Мир природы, мир животных и мир людей в творчестве казахских прозаиков, разрабатывающих анималистическую тему, объединяет система сходных эпитетов, сравнений, различных аналогий, которыми изобилуют тексты вышеназванных авторов. Это объединение происходит по принципу «очеловечивания» мира природы: растительного и животного миров.
Другим, не менее распространенным в казахской анималистической прозе, является прием сравнения.
В художественной литературе о животных анималистичен не только предмет изображения, но и сам способ авторского видения. Так, в произведениях казахских прозаиков голубая вершина может превращаться в серого волка, небо сравнивается то с косяком лошадей, то с овцами, то с бородатым олененком, буланый конь видом похож на породистую борзую, готовую кинуться на волка. В этой связи отметим, чтов приведенных примерах сравнительный ряд представлен исключительно миром природы.

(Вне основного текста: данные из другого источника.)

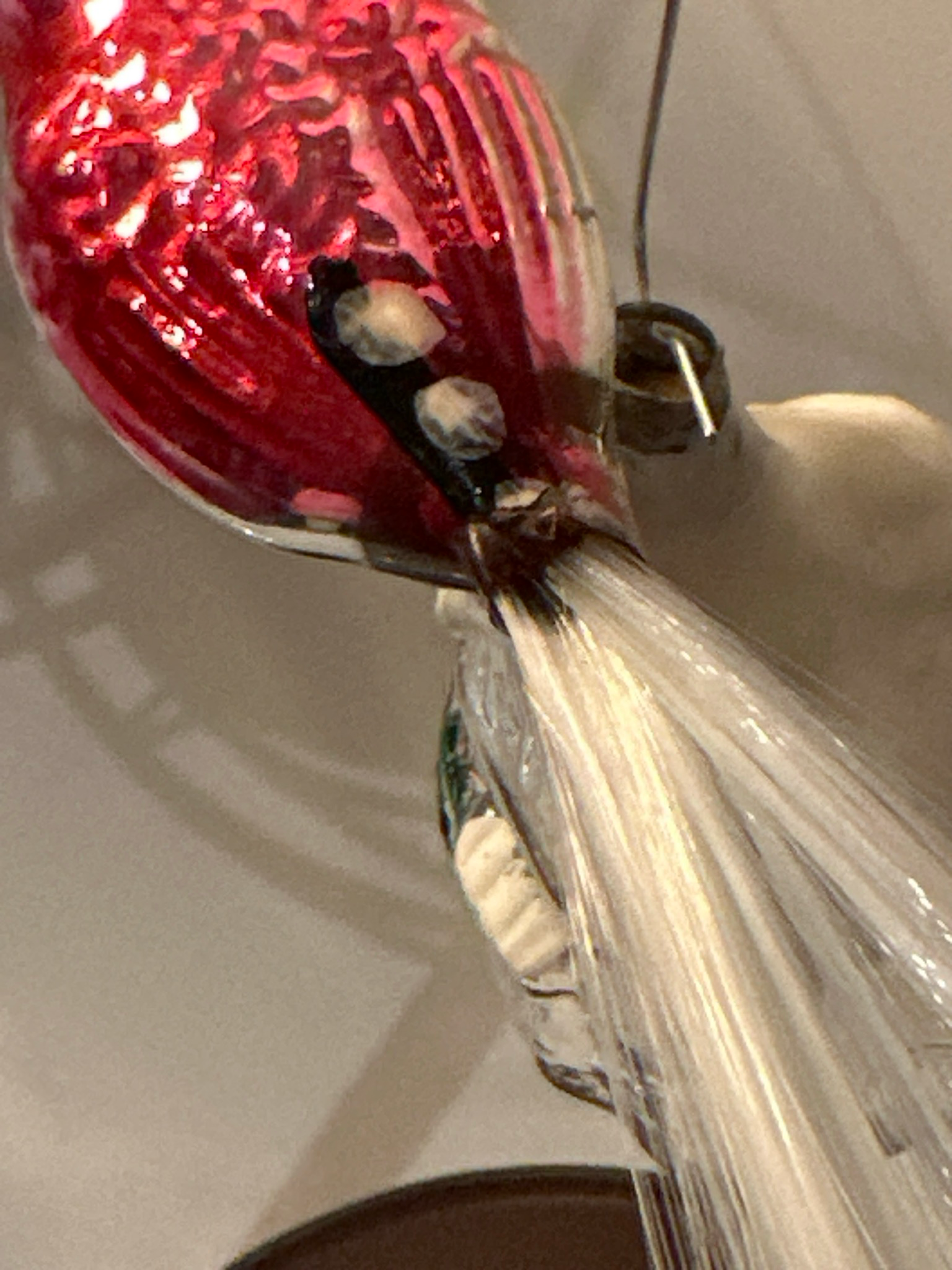 Huisje met vogel op dak / jr 40 / 10cm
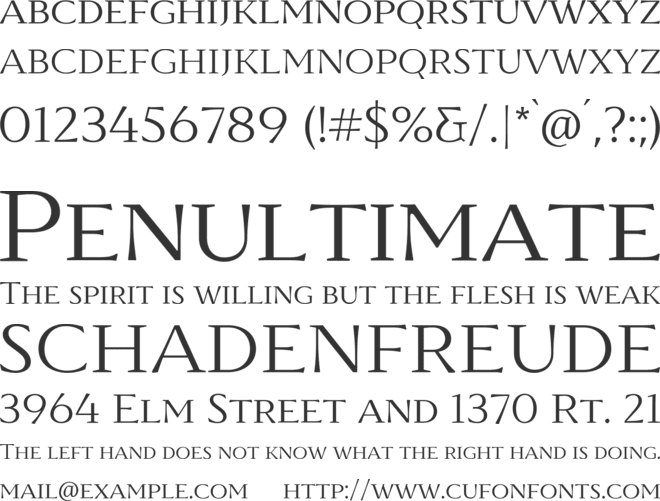 TT Ricordi Marmo Trial font preview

Подытоживая, отметим, чтохудожественные достижения современной казахской прозы в значительной степени связаны с разработкой анималистической темы». В творчестве О. Бокея, С. Санбаева, М. Магауина сопоставления и противопоставления, аналогии между человеческим и животными мирами подчинены задаче создания единой философии мира, целостной картины действительности. Философия природы и философия общества слиты воедино. Можно отметить также две линии отношения отечественных художников к миру дикой природы: природа как стихия, враждебная человеку, и природа как источник красоты.
Писатели-анималисты художественно доносят до читателя великое эстетическое воздействие мира дикой природы на человека. Природа является важным источником формирования истинно человеческих эмоций, в том числе чувства прекрасного. Через созерцание представителей мира дикой природы происходит приобщение человека к извечным тайнам бытия и мироздания, к непреходящим этико-эстетическим ценностям.
Художники-анималисты подчеркивают, что предметом изображения являются реальные представители мира дикой природы – волки, тигры, лисы – с характерными для своего вида особенностями поведения. В то же время вышеназванные образы – это не только реальные животные, но еще и образы-символы, символы самой Природы, жизненных Первооснов, характеризующих особый, кочевой образ пребывания в мире.
Итак, казахские художники показывают мир диких животных с различных точек зрения: и как реальное окружение человека, и как эстетический объект, и как средство раскрытия человеческого характера, и, наконец, как образы-символы.